IU confirme tout son talent. Son jeu reste précis, naturel et juste. J’ai simplement eu le sentiment qu'elle évoluait ici dans une zone de confort. Un rôle presque récréatif pour une actrice dont on connaît pourtant la capacité à surprendre.
Byeon Woo-seok confirme qu'il ne faut plus le réduire à un simple acteur de romance. Je l'avais déjà remarqué dans Strong Girl Nam-soon, où il incarnait un antagoniste glaçant, preuve qu'il possède une palette bien plus large que ne le laisse penser son image actuelle. Après l'immense succès de Lovely Runner, revenir immédiatement à une nouvelle romance n’est pas un choix très approprié. Pourtant, il parvient ici à surprendre par son sens du rythme comique. Son expressivité, ses hésitations, son regard et son timing donnent beaucoup de naturel aux scènes qu'il partage avec Yoo Su-bin. On sent que Park Joon-hwa connaît parfaitement son visage et sait exactement comment le filmer.
Noh Sang-hyun est probablement celui qui me laisse le plus de regrets. Dès ses premières apparitions, il impose une belle présence calme, élégante, mystérieuse.
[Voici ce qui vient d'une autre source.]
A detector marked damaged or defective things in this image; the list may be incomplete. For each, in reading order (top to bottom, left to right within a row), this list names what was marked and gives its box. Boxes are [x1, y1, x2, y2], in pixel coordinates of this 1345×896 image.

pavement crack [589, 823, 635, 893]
Son personnage laisse entrevoir des conflits intérieurs, des loyautés contradictoires et une intelligence politique qui auraient pu devenir passionnants.
J'aurais également aimé que la reine bénéficie d'un développement plus important. Gong Seung-yeong lui apporte pourtant une belle humanité. C’est du reste, elle qui m’a la plus touchée. Derrière la rigidité de son statut apparaît une femme prisonnière de son rôle, profondément seule.
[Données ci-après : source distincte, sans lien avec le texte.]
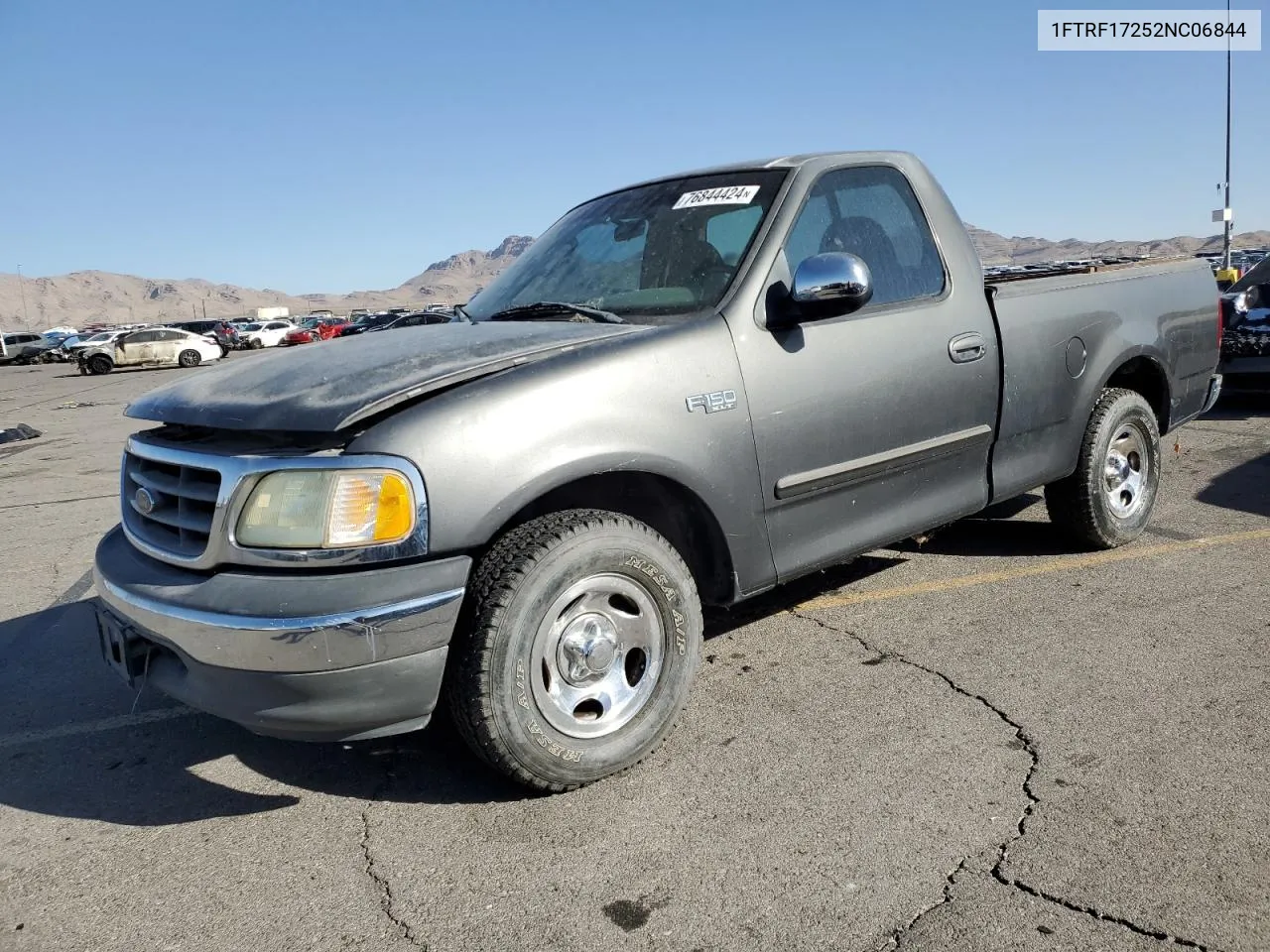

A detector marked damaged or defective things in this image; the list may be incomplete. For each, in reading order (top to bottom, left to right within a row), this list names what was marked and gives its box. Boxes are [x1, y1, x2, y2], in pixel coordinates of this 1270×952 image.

wrecked vehicle [75, 327, 223, 373]
damaged hood [126, 323, 643, 434]
wrecked vehicle [1214, 254, 1270, 393]
wrecked vehicle [89, 151, 1222, 789]
cracked asphalt [0, 359, 1262, 952]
Lee Yeon confirme tout le bien que je pense d’elle depuis Weak Hero Class 1. Elle attire naturellement le regard. Sa présence paraît toujours juste, presque évidente. Je l’ai adoré et j’avais envie de passer davantage de temps avec ce personnage si sérieux et piquant. Lee Yeon était réjouissante.
Yoo Su-bin apporte une présence joyeuse et je suis ravie de le voir dans un second rôle avec une dimension romantique. C’est un acteur attachant.
C'est d'autant plus regrettable qu'une monarchie imaginaire offre justement un terrain idéal pour faire exister une galerie de personnages intéressants. Si je veux observer les rouages d'une monarchie inspirée du modèle britannique, The Crown le fait déjà très bien. J'attendais ici une monarchie qui trouve sa propre identité coréenne. Je ne cherche pas non plus midi à quatorze heures mais une romance peut être simple sans être pour autant simpliste. Surtout avec un tel casting et un tel budget.
Mais ici, j'ai surtout eu l'impression de contempler un magnifique coffret... pour découvrir, une fois ouvert, qu'il contenait surtout du papier de soie et une couronne de fête foraine.
Je ressors davantage frustrée que déçue.